Exercise materials –
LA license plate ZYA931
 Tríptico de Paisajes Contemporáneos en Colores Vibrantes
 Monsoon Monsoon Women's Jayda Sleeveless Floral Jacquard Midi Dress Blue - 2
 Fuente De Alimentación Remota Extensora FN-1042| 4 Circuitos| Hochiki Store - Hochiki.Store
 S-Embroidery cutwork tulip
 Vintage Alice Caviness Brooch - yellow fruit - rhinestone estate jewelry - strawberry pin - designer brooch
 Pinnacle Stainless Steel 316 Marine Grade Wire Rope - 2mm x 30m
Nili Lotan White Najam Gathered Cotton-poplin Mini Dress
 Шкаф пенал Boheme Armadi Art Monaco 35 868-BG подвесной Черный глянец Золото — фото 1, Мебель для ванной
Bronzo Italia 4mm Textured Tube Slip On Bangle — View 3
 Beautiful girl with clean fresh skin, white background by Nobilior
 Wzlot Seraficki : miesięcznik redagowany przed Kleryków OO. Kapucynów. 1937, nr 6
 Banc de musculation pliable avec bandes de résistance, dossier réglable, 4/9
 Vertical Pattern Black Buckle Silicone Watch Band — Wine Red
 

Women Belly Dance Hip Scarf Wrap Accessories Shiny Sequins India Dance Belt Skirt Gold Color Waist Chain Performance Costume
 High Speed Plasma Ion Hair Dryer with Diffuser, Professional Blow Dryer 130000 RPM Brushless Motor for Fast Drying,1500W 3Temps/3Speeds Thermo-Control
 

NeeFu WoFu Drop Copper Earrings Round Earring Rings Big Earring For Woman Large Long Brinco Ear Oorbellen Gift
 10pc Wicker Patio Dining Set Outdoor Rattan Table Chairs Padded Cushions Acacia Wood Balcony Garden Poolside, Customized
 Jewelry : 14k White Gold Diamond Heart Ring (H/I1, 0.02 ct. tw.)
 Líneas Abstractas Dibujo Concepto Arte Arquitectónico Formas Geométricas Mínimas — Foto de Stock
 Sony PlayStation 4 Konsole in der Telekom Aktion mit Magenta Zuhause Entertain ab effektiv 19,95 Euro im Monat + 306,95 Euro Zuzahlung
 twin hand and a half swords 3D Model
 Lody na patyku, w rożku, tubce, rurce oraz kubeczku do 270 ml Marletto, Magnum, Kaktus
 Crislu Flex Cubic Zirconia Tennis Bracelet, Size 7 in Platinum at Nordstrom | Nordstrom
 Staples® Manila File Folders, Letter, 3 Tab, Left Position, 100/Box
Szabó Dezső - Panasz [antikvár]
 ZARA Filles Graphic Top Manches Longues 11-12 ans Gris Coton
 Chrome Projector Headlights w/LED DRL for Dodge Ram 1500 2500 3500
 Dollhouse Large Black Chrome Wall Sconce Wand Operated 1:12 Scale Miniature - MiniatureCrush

Directions for this task – Your task is to reproduce all the data exactly as shown.

Response area –
LA license plate ZYA931
 Tríptico de Paisajes Contemporáneos en Colores Vibrantes
 Monsoon Monsoon Women's Jayda Sleeveless Floral Jacquard Midi Dress Blue - 2
 Fuente De Alimentación Remota Extensora FN-1042| 4 Circuitos| Hochiki Store - Hochiki.Store
 S-Embroidery cutwork tulip
 Vintage Alice Caviness Brooch - yellow fruit - rhinestone estate jewelry - strawberry pin - designer brooch
 Pinnacle Stainless Steel 316 Marine Grade Wire Rope - 2mm x 30m
Nili Lotan White Najam Gathered Cotton-poplin Mini Dress
 Шкаф пенал Boheme Armadi Art Monaco 35 868-BG подвесной Черный глянец Золото — фото 1, Мебель для ванной
Bronzo Italia 4mm Textured Tube Slip On Bangle — View 3
 Beautiful girl with clean fresh skin, white background by Nobilior
 Wzlot Seraficki : miesięcznik redagowany przed Kleryków OO. Kapucynów. 1937, nr 6
 Banc de musculation pliable avec bandes de résistance, dossier réglable, 4/9
 Vertical Pattern Black Buckle Silicone Watch Band — Wine Red
 

Women Belly Dance Hip Scarf Wrap Accessories Shiny Sequins India Dance Belt Skirt Gold Color Waist Chain Performance Costume
 High Speed Plasma Ion Hair Dryer with Diffuser, Professional Blow Dryer 130000 RPM Brushless Motor for Fast Drying,1500W 3Temps/3Speeds Thermo-Control
 

NeeFu WoFu Drop Copper Earrings Round Earring Rings Big Earring For Woman Large Long Brinco Ear Oorbellen Gift
 10pc Wicker Patio Dining Set Outdoor Rattan Table Chairs Padded Cushions Acacia Wood Balcony Garden Poolside, Customized
 Jewelry : 14k White Gold Diamond Heart Ring (H/I1, 0.02 ct. tw.)
 Líneas Abstractas Dibujo Concepto Arte Arquitectónico Formas Geométricas Mínimas — Foto de Stock
 Sony PlayStation 4 Konsole in der Telekom Aktion mit Magenta Zuhause Entertain ab effektiv 19,95 Euro im Monat + 306,95 Euro Zuzahlung
 twin hand and a half swords 3D Model
 Lody na patyku, w rożku, tubce, rurce oraz kubeczku do 270 ml Marletto, Magnum, Kaktus
 Crislu Flex Cubic Zirconia Tennis Bracelet, Size 7 in Platinum at Nordstrom | Nordstrom
 Staples® Manila File Folders, Letter, 3 Tab, Left Position, 100/Box
Szabó Dezső - Panasz [antikvár]
 ZARA Filles Graphic Top Manches Longues 11-12 ans Gris Coton
 Chrome Projector Headlights w/LED DRL for Dodge Ram 1500 2500 3500
 Dollhouse Large Black Chrome Wall Sconce Wand Operated 1:12 Scale Miniature - MiniatureCrush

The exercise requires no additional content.